Alors que la France cherche à maîtriser ses finances publiques, la proposition de Jean-Luc Mélenchon visant à geler une partie de la dette relance un débat sensible sur la souveraineté budgétaire, la crédibilité européenne et le rôle des banques centrales. Derrière cette idée séduisante pour ses partisans se cachent des contraintes juridiques, économiques et politiques majeures. Entre dette détenue par la Banque de France, règles de la BCE et réaction possible des marchés financiers, l’enjeu dépasse largement un simple jeu comptable. Peut-on vraiment effacer ces milliards sans fragiliser la confiance envers l’État français ? La question mérite un examen rigoureux aujourd’hui.

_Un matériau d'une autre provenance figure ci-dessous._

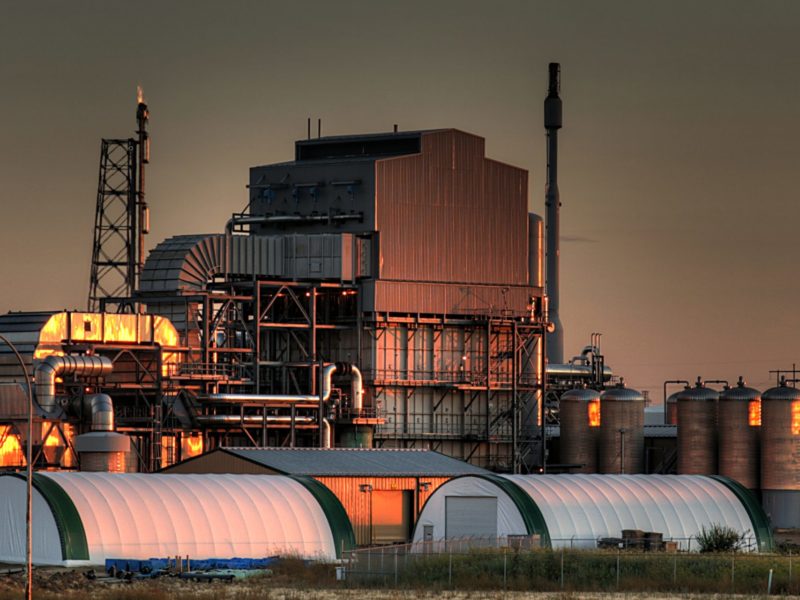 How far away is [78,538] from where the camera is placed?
64.8 metres

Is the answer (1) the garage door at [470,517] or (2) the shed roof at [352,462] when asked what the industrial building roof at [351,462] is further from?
(1) the garage door at [470,517]

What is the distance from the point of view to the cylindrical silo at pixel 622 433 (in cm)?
10425

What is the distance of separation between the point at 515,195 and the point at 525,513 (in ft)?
117

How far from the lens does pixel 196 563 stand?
66062 mm

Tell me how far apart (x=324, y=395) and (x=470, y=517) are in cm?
2262

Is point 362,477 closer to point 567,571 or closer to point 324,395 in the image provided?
point 324,395

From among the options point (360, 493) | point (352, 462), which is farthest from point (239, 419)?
point (360, 493)

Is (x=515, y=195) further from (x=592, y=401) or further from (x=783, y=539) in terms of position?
(x=783, y=539)

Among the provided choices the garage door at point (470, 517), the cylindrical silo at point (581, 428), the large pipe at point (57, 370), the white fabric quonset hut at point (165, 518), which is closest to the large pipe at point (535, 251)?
the cylindrical silo at point (581, 428)

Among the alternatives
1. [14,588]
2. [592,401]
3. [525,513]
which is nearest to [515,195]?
[592,401]

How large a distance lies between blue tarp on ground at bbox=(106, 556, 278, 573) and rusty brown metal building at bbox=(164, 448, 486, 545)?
11332 mm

Mélenchon veut geler jusqu’à 635 milliards d’euros de dette française

Jean-Luc Mélenchon remet au centre du débat économique une proposition spectaculaire : geler une partie de la dette française, évaluée entre 600 et 635 milliards d’euros, correspondant aux titres détenus par la Banque de France. L’objectif affiché est clair : alléger le poids apparent de l’endettement public et redonner des marges de manœuvre budgétaires à l’État.

Cette dette représente environ 18 à 20 % de la dette publique totale. Dans le discours du leader de La France insoumise, il ne s’agirait pas forcément d’un défaut brutal, mais d’une mise « au frigo » : autrement dit, une dette qui ne serait plus remboursée selon les conditions habituelles, voire neutralisée comptablement. La formule frappe, car elle donne l’impression qu’un lourd fardeau financier pourrait disparaître sans conséquences immédiates pour les ménages.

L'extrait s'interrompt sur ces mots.